The Copper Gauntlet (Magisterium Book 2), by Holly Back and Cassandra Clare (Scholastic, MG, Sept 2015), continues the story of three young wizards in training in an underground school of magic, who were introduced in The Iron Trial (my review). I enjoyed that one very much, being a huge fan of schools of magic, and although the adventures of this second book actually didn't much take place at the school, I am at this point committed to the characters and the story and will follow along happily wherever they choose to go.

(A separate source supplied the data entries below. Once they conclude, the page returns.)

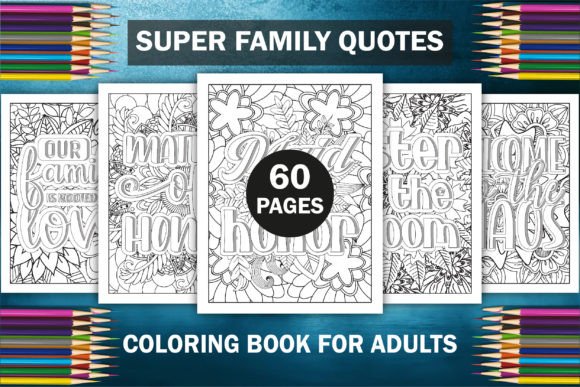 Super Family Coloring Book Bundle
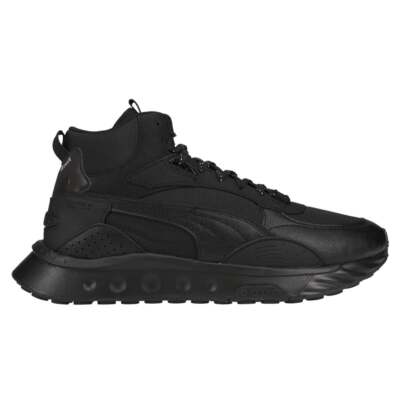 

Высокие женские черные кроссовки Puma Wild Rider Core Повседневная обувь 382003-01, Черный, Puma Wild Rider Core High Top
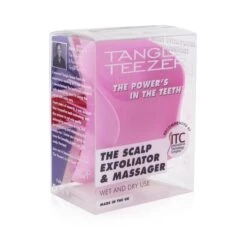 Tangle® Teezer Tangle Teezer The Scalp Exfoliator & Massager Brush - # Pretty Pink 1pc -Clarins || Clinique || Shiseido Sales 26949856209 2 FULL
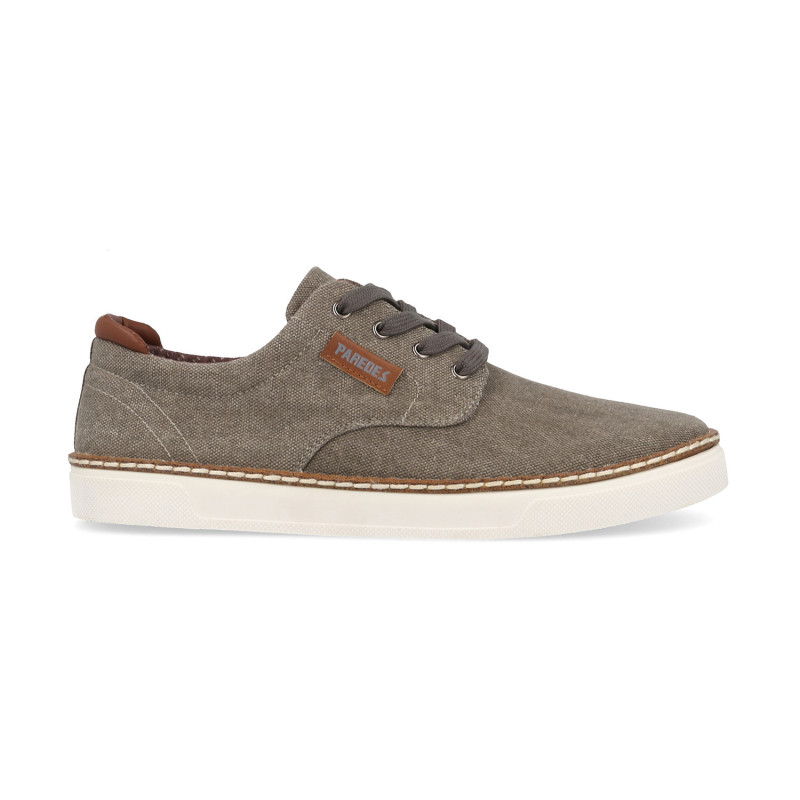 Zapatillas casual hombre Biure en gris con diseño versátil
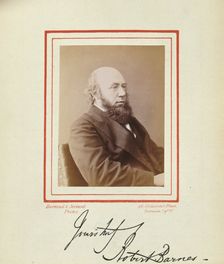Robert Barnes, 1874. Creator: Barraud & Jerrard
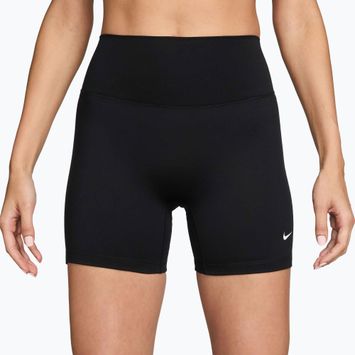 Spodenki damskie Nike One High-Waisted Biker 5" black/white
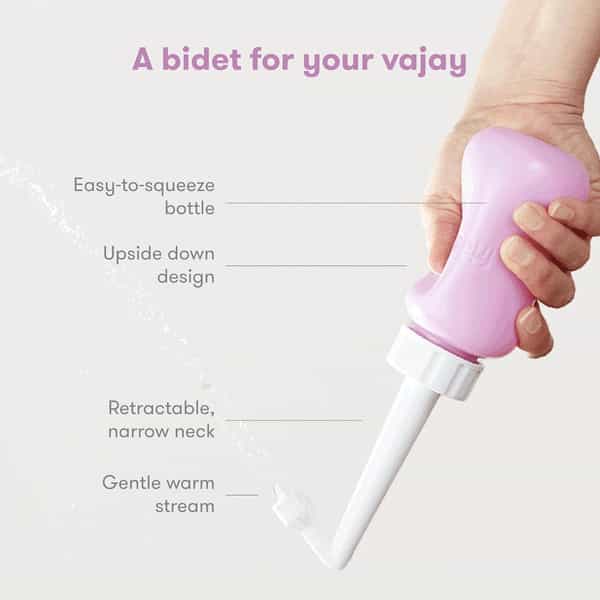 Frida Mom Upside Down Peri Bottle | Women | Postpartum Cleansing | 1 Count |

What makes the series interesting to me is that the dynamic is not so much about learning to be powerful, or learning necessary skills to triumph over the bad adversary, but much more about the dynamics of friendship and trusting not only your peers but yourself. For Callum, the central protagonist, this is all a rather fraught issue, because he is a reincarnation of the Big Bad Guy, who stuck his soul into Callum's baby self so he could try to bring his plans (defeating death) to fruition with better luck next time. Although the Number 1 henchman, who survived that first big face-off, is totally a tool with no obvious redeeming features other than strength of conviction and loyalty, the Big Bad Guy is actually not necessarily bad (he was, after all, Callum's father's best friend), and his reasons for trying to defeat death are not unsympathetic.
This doesn't particularly set Callum's mind at rest, though. Callum spends a lot of time wondering when the seeds of Dark Lord are going to sprout within him, and wondering if his father really wants him dead, so he doesn't turn into Darklord 2.0. And Callum's friends, who he is keeping this a secret from, spend a lot of time being his good friends, while trying to come to terms with who they themselves are, and what family, school, and fate, expect from them.

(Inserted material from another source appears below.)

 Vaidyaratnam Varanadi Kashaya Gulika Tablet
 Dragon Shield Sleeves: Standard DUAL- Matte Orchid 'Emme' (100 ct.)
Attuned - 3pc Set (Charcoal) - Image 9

Callum is also a rather rare middle grade hero who has a disability that doesn't either contribute to his abilities or which is magically healed (though I guess it might be in a future book). He has a badly damaged leg, and walking is painful for him. This disability doesn't define him, but it does affect him in a realistic way, and the authors keep it nicely in mind when moving him from place to place within the story.

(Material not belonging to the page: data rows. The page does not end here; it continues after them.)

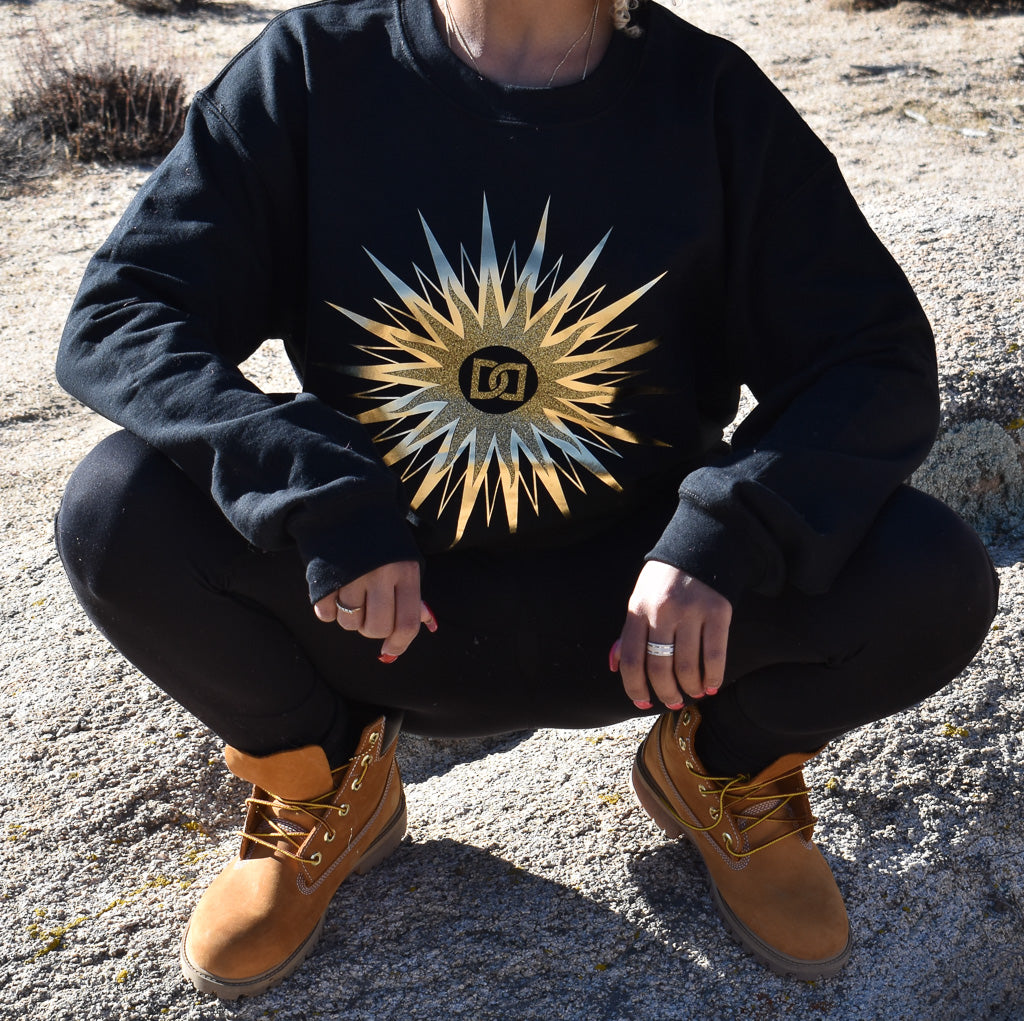 Dilara's Diamonds Signature Sunburst Crew Neck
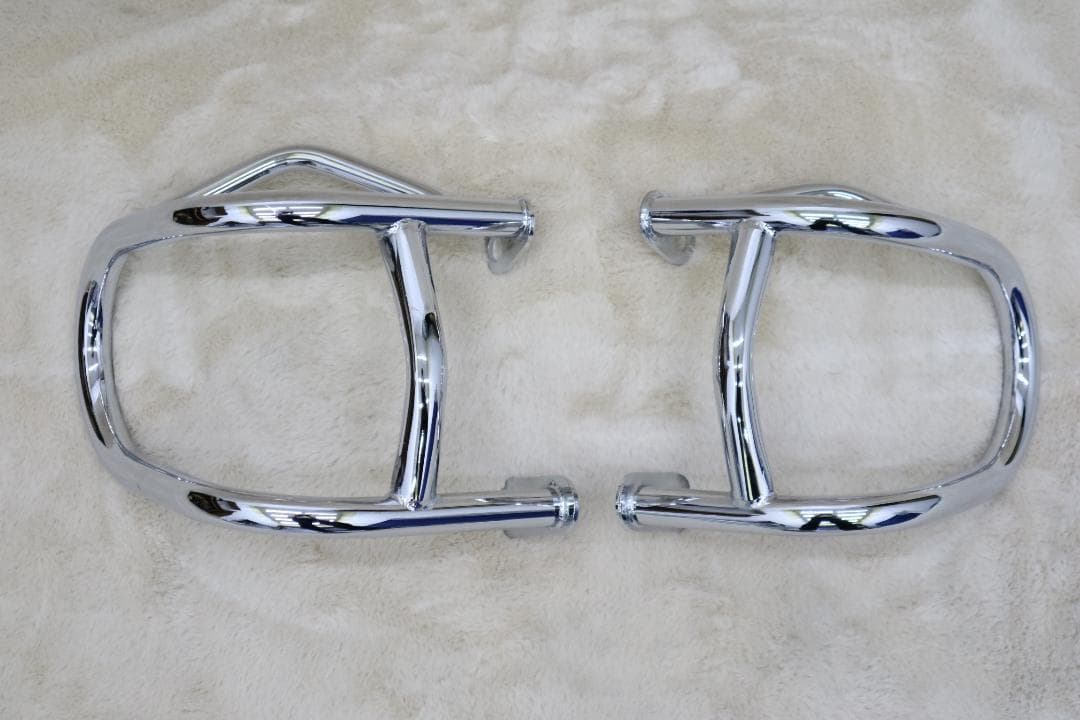 CBR400F エンジンガード メッキ / 左右セット NC17 HONDA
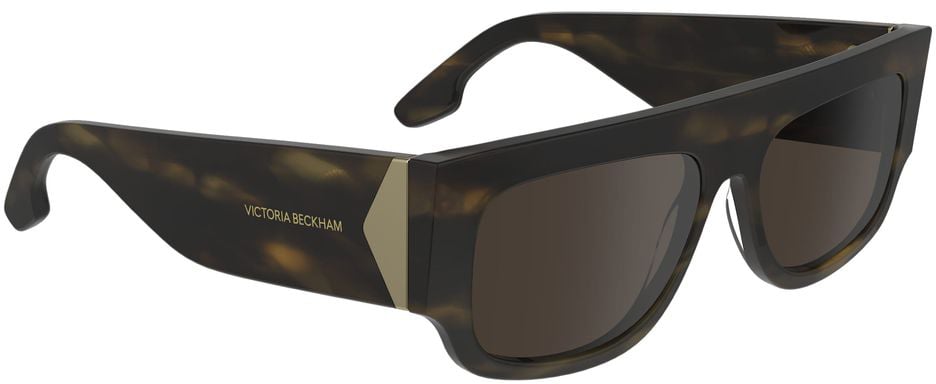 Victoria Beckham Brown Acetate Sunglasses Bruin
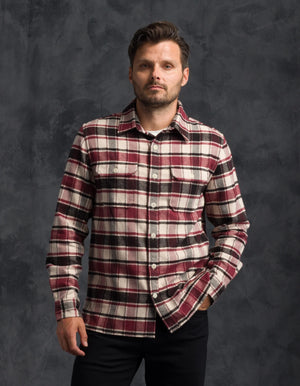 Winter Flannel - Utility Shirt - Spanish Tile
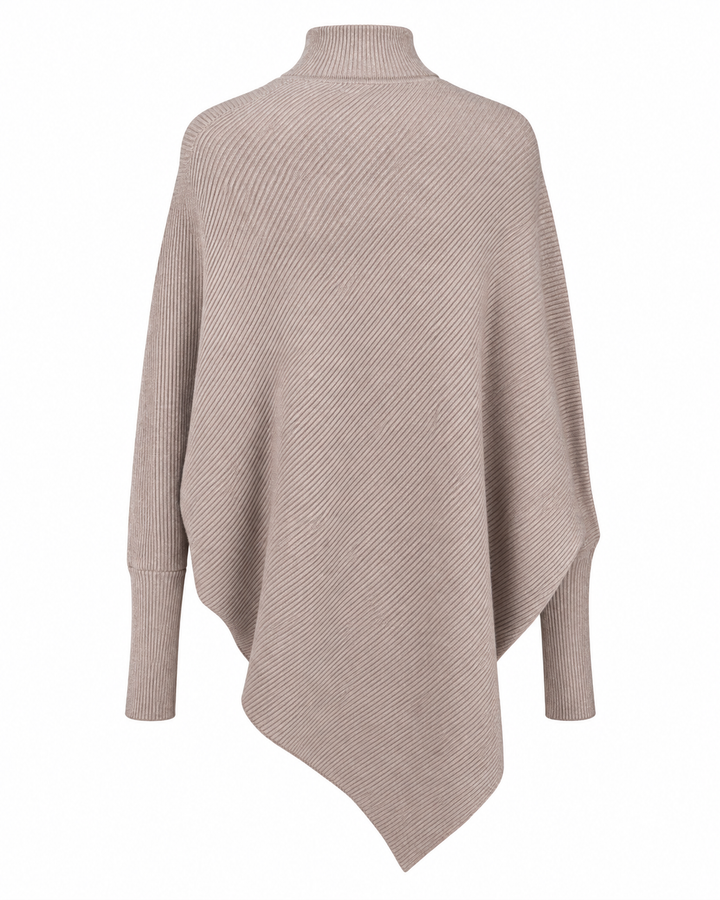 Alanis Asymmetric Jumper Mocha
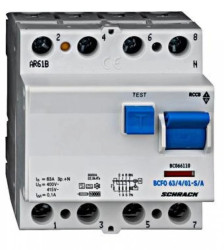 Wyłącznik różnicowoprądowy 63A/3+n/100mA,sel.S,typ A,10kA Seria BC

So lots of character stuff, which I like! And an exciting storyline involving near-death magical encounters, lots of questions raised and a few answered, and plenty of page time for Callum's pet chaos ridden wolf cub (although he's almost not a cub at all anymore). This is one of my favorite on-going MG series, and I can't wait till the next book.
Although this series is pretty clearly "middle grade" I think it's a good one for older MG readers moving toward YA-ness; I think older readers will appreciate the ambiguities more, and the interplay between the various characters (which don't, thank goodness, appear to be heading toward a love triangle) feels more complicated than is often the case in younger MG.